New Orleans was the one city in the South where I really looked forward to spending time. I had seen Mardi Gras scenes in movies and television, and friends had told me about the fabulous restaurants and jazz clubs and all the history connected to the city. I hoped to spend at least three days there but Rob said no, that he wanted to get to his new base right away and check things out. So we only spent a day and one night in the French Quarter, which I found absolutely magical. We drank our “hurricanes,” listened to jazz and ate amazing food and rich pastries. I’m sure I put on five pounds during that short time, but I loved every minute of it. Too soon we were on our way to Kingsville and the apartment complex we would call home for the next few months.
When we drove into Kingsville my heart sunk as I saw the small town where I would be doing my shopping and other housewifely duties. My first thought was that it looked like a movie set from the 1930s; one main street with old fashioned buildings and store fronts. Rob was stressed and worried and all I could think of was me and how I was going to pass the time in this backwater town. As I unpacked our things I looked out the bedroom window and saw miles and miles of flat nothingness. The King ranch and their long-horn Santa Gertrudis cattle took up a lot of prairie. But at least I had my fellow Navy wives to pass the time with, and to placate us bored housewives, the guys promised us trips to Padre Island, Corpus Christi and Nuevo Laredo when they had some time off. But they had more important things on their minds, like landing on an aircraft carrier out in the gulf, survival training and the possibility of getting kicked out of the program, which would be the ultimate humiliation. Earning the coveted Navy Wings of Gold was their singular goal and this was the last leg on that journey. Us womenfolk would just have to suck it up and be there for support when called upon.

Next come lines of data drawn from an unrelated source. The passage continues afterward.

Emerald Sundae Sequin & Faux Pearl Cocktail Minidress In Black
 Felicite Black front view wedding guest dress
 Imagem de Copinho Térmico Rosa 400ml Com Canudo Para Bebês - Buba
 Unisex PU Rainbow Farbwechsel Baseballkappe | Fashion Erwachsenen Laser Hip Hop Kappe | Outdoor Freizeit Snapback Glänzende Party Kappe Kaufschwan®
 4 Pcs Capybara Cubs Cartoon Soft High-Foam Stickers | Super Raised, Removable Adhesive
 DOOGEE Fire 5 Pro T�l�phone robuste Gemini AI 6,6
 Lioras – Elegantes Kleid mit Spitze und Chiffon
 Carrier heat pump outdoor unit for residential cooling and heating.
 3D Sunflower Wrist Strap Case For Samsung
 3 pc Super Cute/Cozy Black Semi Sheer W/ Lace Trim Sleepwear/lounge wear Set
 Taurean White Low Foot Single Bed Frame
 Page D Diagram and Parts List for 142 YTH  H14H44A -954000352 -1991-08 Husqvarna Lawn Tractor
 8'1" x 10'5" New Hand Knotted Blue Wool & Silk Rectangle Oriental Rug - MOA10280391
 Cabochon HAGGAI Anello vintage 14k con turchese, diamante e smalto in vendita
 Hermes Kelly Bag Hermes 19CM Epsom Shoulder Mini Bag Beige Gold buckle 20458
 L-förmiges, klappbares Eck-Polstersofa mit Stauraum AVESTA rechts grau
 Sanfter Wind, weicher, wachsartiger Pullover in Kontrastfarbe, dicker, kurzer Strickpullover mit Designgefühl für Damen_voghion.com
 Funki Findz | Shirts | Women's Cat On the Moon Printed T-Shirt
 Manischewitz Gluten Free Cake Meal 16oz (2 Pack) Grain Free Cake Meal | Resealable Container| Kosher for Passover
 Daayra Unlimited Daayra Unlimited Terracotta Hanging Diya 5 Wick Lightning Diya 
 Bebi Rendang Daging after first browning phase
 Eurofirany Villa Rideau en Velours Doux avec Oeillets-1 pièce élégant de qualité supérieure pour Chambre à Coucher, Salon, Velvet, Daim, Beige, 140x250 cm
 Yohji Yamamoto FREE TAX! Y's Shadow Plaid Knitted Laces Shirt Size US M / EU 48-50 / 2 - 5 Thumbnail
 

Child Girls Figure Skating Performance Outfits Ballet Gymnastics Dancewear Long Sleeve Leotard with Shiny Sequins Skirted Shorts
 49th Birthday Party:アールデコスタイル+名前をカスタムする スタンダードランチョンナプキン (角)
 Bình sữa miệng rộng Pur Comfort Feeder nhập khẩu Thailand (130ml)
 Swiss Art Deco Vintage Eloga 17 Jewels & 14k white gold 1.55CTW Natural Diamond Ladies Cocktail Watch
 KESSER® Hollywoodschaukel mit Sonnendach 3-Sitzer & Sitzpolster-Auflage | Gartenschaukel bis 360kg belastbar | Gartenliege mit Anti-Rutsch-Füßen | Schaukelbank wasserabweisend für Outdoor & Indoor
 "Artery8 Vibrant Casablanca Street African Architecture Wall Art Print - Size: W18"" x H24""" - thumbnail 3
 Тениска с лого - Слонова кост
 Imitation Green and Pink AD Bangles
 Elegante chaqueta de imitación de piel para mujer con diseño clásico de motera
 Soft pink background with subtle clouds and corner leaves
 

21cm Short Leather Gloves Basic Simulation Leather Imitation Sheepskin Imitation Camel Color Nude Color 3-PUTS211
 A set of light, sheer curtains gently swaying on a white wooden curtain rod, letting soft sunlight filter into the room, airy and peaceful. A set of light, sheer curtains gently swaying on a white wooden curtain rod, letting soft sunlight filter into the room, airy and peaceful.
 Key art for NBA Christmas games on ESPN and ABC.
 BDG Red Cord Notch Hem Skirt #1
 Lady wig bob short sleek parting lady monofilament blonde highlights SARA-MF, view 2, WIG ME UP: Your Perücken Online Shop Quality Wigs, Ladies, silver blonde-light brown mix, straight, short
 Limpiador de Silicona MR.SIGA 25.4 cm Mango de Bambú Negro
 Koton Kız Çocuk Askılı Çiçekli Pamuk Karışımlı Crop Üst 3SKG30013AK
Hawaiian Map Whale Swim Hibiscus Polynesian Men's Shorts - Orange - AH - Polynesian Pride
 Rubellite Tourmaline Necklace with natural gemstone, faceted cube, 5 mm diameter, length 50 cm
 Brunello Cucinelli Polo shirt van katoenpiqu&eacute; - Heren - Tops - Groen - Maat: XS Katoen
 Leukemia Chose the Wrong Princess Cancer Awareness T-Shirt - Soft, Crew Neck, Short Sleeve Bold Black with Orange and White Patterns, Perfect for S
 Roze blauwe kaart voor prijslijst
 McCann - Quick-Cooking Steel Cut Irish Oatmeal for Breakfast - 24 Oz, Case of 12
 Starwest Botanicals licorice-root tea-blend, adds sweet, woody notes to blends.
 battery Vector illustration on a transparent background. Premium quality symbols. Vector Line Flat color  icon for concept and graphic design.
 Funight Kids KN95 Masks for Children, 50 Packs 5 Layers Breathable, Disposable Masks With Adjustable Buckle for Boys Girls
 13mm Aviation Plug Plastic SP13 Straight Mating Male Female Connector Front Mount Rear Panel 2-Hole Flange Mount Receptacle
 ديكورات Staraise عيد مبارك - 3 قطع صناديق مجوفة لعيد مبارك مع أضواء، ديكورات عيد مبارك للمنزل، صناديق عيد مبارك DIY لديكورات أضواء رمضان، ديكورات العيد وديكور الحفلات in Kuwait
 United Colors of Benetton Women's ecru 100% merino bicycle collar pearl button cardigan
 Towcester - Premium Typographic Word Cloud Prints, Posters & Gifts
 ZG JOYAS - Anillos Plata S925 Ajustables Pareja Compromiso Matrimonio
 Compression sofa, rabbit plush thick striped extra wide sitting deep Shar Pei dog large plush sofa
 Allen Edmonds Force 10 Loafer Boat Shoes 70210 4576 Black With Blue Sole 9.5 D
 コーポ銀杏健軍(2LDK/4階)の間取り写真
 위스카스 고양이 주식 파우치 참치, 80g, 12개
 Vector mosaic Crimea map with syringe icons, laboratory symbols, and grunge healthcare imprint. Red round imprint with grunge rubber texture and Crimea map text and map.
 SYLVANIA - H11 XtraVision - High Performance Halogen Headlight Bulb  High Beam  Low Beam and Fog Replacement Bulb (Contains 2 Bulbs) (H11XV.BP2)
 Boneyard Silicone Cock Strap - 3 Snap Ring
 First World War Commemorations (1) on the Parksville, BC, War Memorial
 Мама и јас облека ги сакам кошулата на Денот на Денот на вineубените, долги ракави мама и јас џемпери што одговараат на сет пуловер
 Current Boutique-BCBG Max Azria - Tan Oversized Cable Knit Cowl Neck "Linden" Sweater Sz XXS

Nuevo Laredo was dirty, noisy, crowded, smelly, exciting and fun. I loved how we had to bargain for everything we bought, and buy we did – all kinds of thick Mexican sweaters and household decorations that “everybody” in the Navy ended up buying. If you didn’t have a miniature suit of armor standing in your living room you weren’t with the program. A couple of years later we looked at it all and asked, why did we buy those horrible things? But at the time we wanted to be like everybody else and bargaining was addictive.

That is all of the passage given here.